What the exercise asks: Look for the line with "X0000111931191200907271024"; please transcribe it and every later line in the entries exactly, up to the end, leaving pictures out.

Excerpted records:

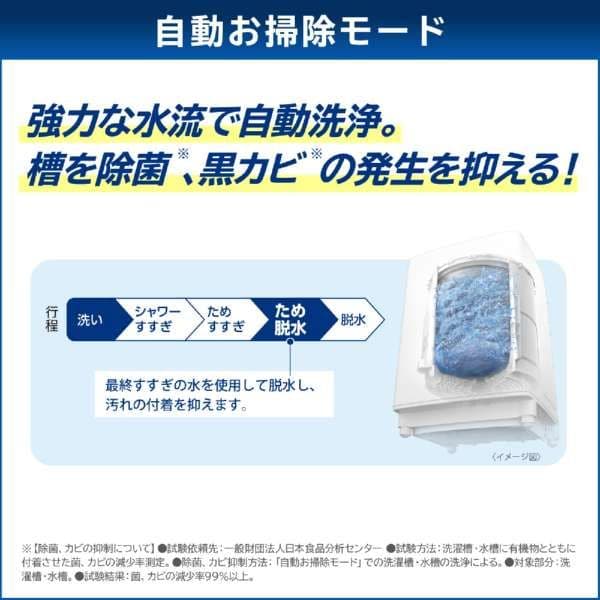 東芝　洗濯乾燥機　ZABOON 8kg/4.5kg　AW-8VH4　2024年製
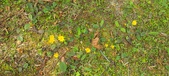 Enlarge photo 231
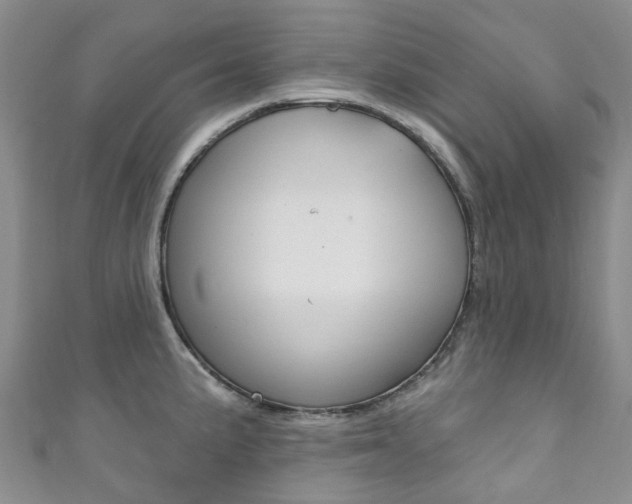 X0000111931191200907271024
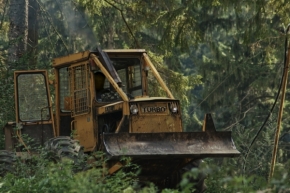 Motorky, auta, stroje - Pro dříví do lesa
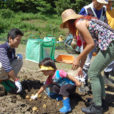 こどもの国でジャガイモ掘り！初夏の園内で親子収穫体験してみよう[応募は6月3日まで、開催は6月15日・16日]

Expected answer:
 X0000111931191200907271024
 Motorky, auta, stroje - Pro dříví do lesa
 こどもの国でジャガイモ掘り！初夏の園内で親子収穫体験してみよう[応募は6月3日まで、開催は6月15日・16日]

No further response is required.